# Can the exterior window silver trim on the 228i be replaced with black?



## Slowly (Mar 2, 2019)

I see that for the 228i, I can get black kidney grilles on getbmwparts.com, which would be a cool look from the front, but the side window trim would not be a match as they would still be silver. Can I get black trim for those as well? Front window and rear quarter window trims. Where would I find them, and how easy are they to replace? Picture of the car with the silver trim:


----------



## JayR04 (Jul 17, 2015)

Get them wrapped in vinyl. Could even do it yourself.


----------



## Slowly (Mar 2, 2019)

JayR04 said:


> Get them wrapped in vinyl. Could even do it yourself.

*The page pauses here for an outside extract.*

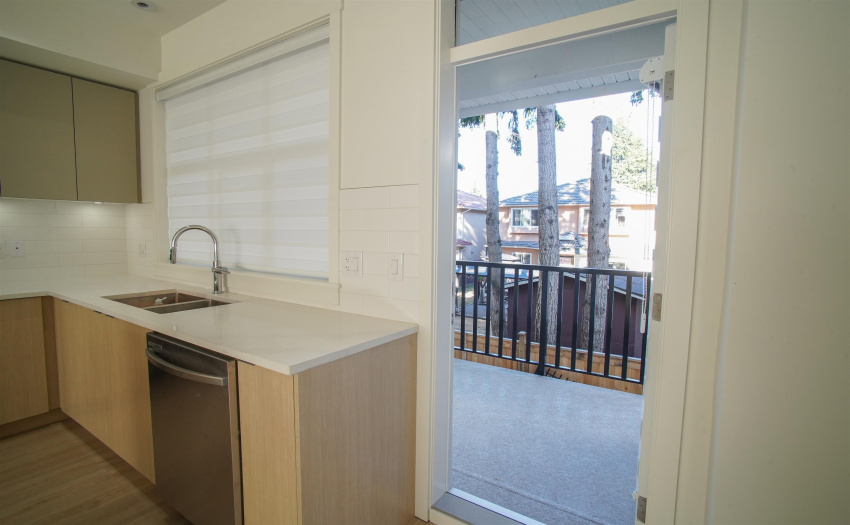 As seen after coming up the stairs, a spacious kitchen with one of the biggest patios in the complex.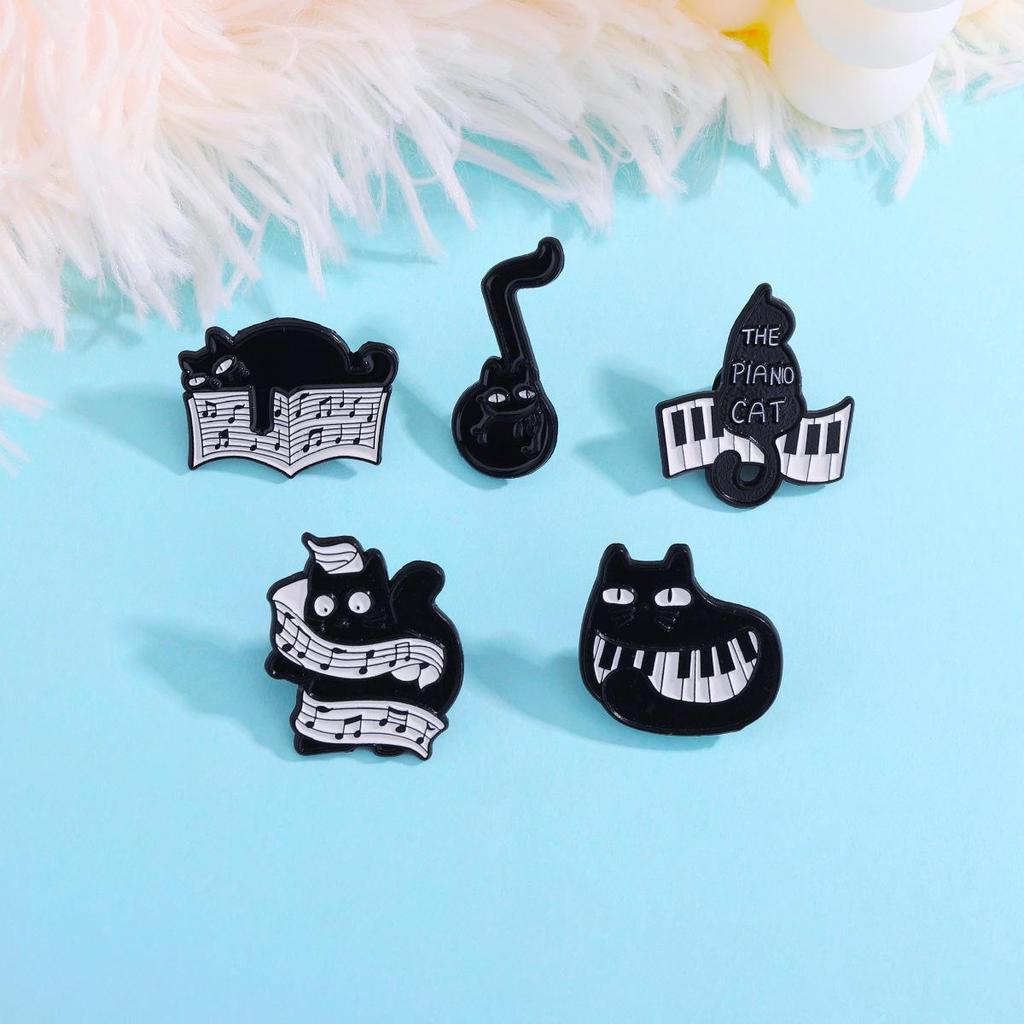 Creative Black Cat Keyboard Brooch: Cartoon Cat Playing Music with Wagging Tail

Thanks. I was just looking into this. What is the current best vinyl roll for this purpose? Most discussions I found were old and the products are no longer available.


----------



## JayR04 (Jul 17, 2015)

I believe 3M is the best brand


----------



## moRider (Feb 28, 2012)

BTW, love the wheels


----------



## Slowly (Mar 2, 2019)

moRider said:


> BTW, love the wheels


Thank you! Just upgraded to them: TSW Nurburgrings from Wheel Lab on 228i


----------



## Slowly (Mar 2, 2019)

Thanks! Should I get the "matte" or the "satin" 3M vinyl for this car?


----------



## moRider (Feb 28, 2012)

Slowly said:


> Thank you! Just upgraded to them: TSW Nurburgrings from Wheel Lab on 228i


Thanks for the info. I'm so tempted to get similar wheels when I get new tires later this winter...


----------



## Slowly (Mar 2, 2019)

moRider said:


> Thanks for the info. I'm so tempted to get similar wheels when I get new tires later this winter...


You should! I'm very happy with it.


----------